Published online Dec 15, 2024. doi: 10.4251/wjgo.v16.i12.4700
Revised: September 17, 2024
Accepted: October 16, 2024
Published online: December 15, 2024
Processing time: 148 Days and 22.5 Hours
The 5-year survival rate of patients with colorectal cancer (CRC) in China is only 56.9%, highlighting the need for new therapeutic drugs. Previous studies have shown that matrine exhibits antitumor effects by inducing apoptosis. However, the mechanism by which matrine regulates antiapoptotic proteins in CRC remains unclear.
To identify apoptotic proteins from proteomics and investigate the role of matrine in impeding CRC apoptosis by regulating these proteins.
Tumor and adjacent normal tissues were collected from 52 patients with CRC who underwent surgery between January and December 2021. Data-independent acquisition quantitative proteomic analysis was performed to identify differentially expressed apoptotic proteins. The selected apoptotic proteins were identified through their association with tumor-node-metastasis (TNM) stage and prognosis, then confirmed by immunohistochemical (IHC) staining in validation cohort. In vitro, the role of matrine or apoptotic proteins on cancer cells were analyzed.

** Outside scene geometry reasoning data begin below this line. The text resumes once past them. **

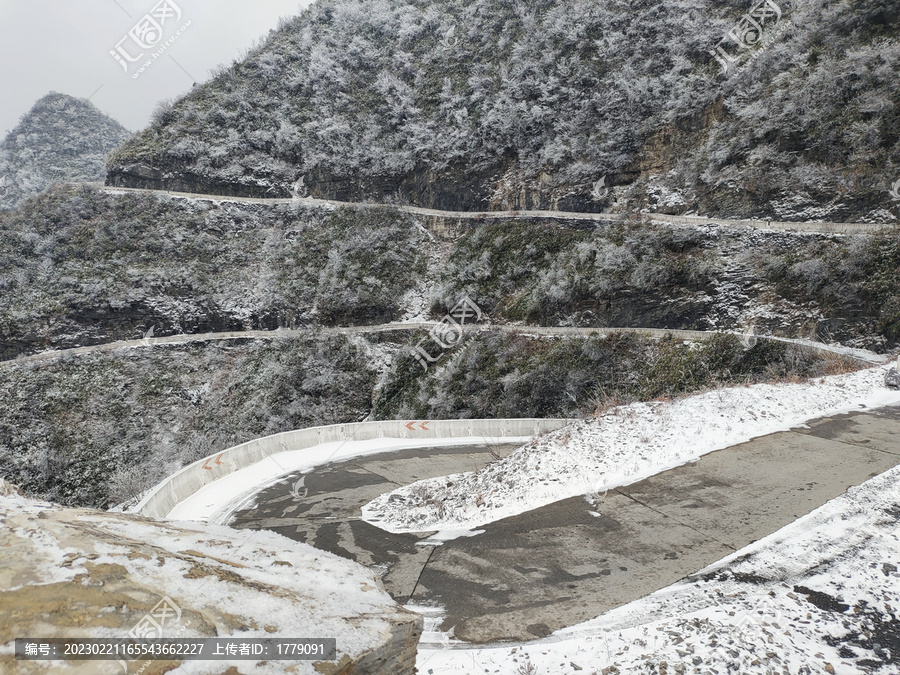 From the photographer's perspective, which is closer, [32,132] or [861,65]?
[861,65]

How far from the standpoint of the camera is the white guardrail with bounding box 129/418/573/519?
468 inches

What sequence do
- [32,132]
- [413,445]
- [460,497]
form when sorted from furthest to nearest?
[32,132]
[413,445]
[460,497]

Compared to normal tissues, 88 anti-apoptotic proteins from proteomic results were selected. Among them, Shank-associated RH domain interactor (SHARPIN) was identified because of its relationship with TNM stage and overall survival in TCGA database. In the IHC-confirmed cohort, SHARPIN was highly expressed in CRC tissues and localized in the cytoplasm. Higher SHARPIN expression was associated with TNM stage, carbohydrate antigen 153 levels, and gross type compared to low expression. SHARPIN knockdown promoted apoptosis, significantly upregulated the expression of Bcl-2 associated agonist of cell death, Bcl-2 associated X protein, caspase 3, and caspase 8, and downregulated B-cell lymphoma-2 (P < 0.05). Importantly, matrine treatment promoted apoptosis and reversed the proliferation, invasion, and migration of CRC cells by repressing SHARPIN.

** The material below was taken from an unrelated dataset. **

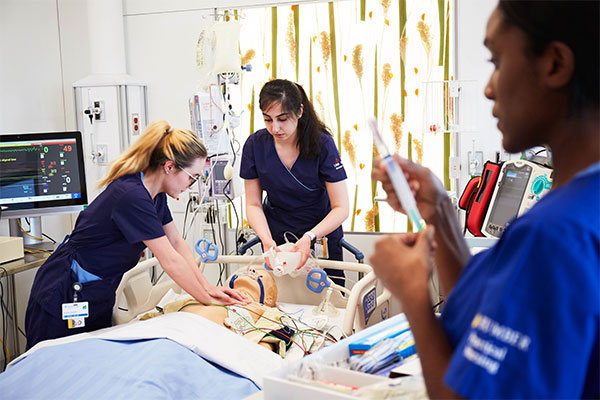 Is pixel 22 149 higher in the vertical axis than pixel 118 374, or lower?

SHARPIN was identified as an upregulated anti-apoptotic protein in CRC, and matrine exhibited anticancer effects by downregulating its expression. Thus, matrine appears to be a promising drug for CRC.

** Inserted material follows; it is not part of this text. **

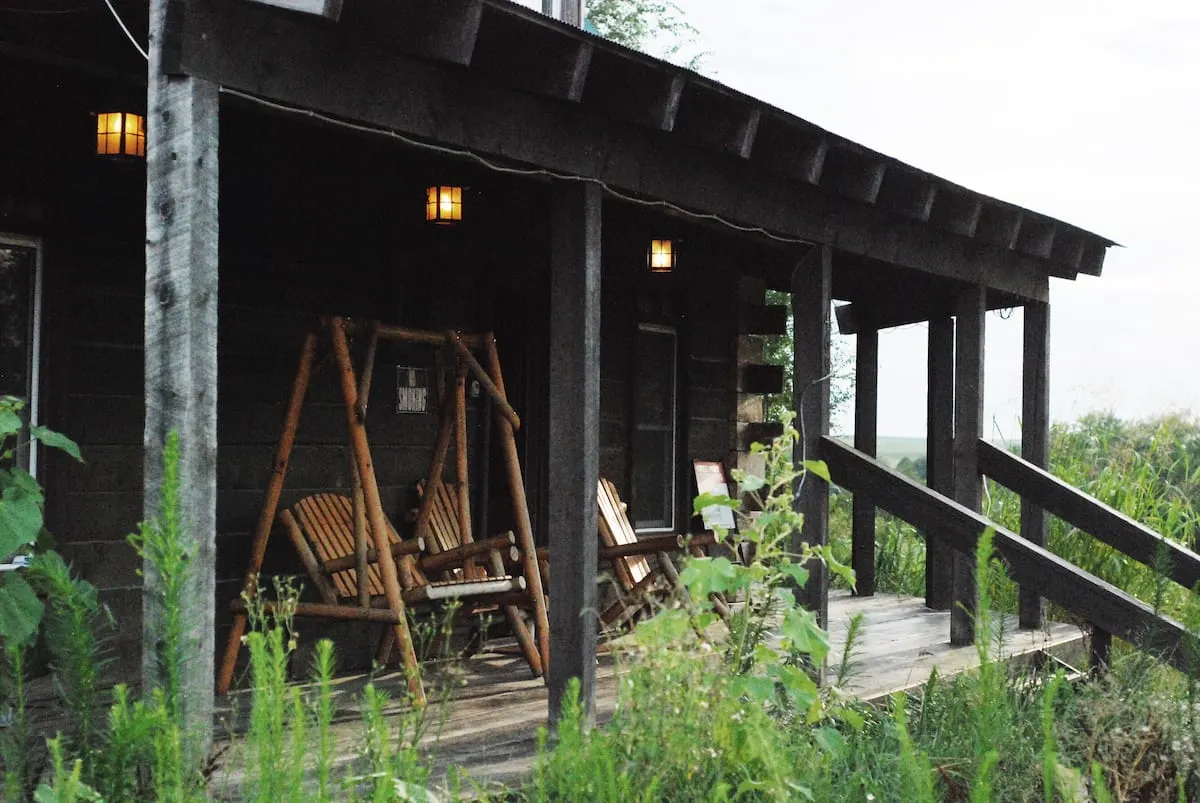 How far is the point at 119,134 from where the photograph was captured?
4250mm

Core Tip: Despite advances in therapy for colorectal cancer (CRC), the 5-year survival rate for CRC patients in China remains only 56.9%. This study explored the effects of matrine on CRC by targeting a newly identified anti-apoptotic protein, Shank-associated RH domain interactor (SHARPIN). SHARPIN was discovered through proteomic analysis and its expression was validated in both the TCGA database and our patient cohort using immunohistochemistry. Inhibiting SHARPIN expression led to increased apoptosis and reduced proliferation, invasion, and migration of CRC cells in vitro. Matrine's ability to inhibit SHARPIN and induce apoptosis highlights its potential as a promising therapeutic agent for CRC.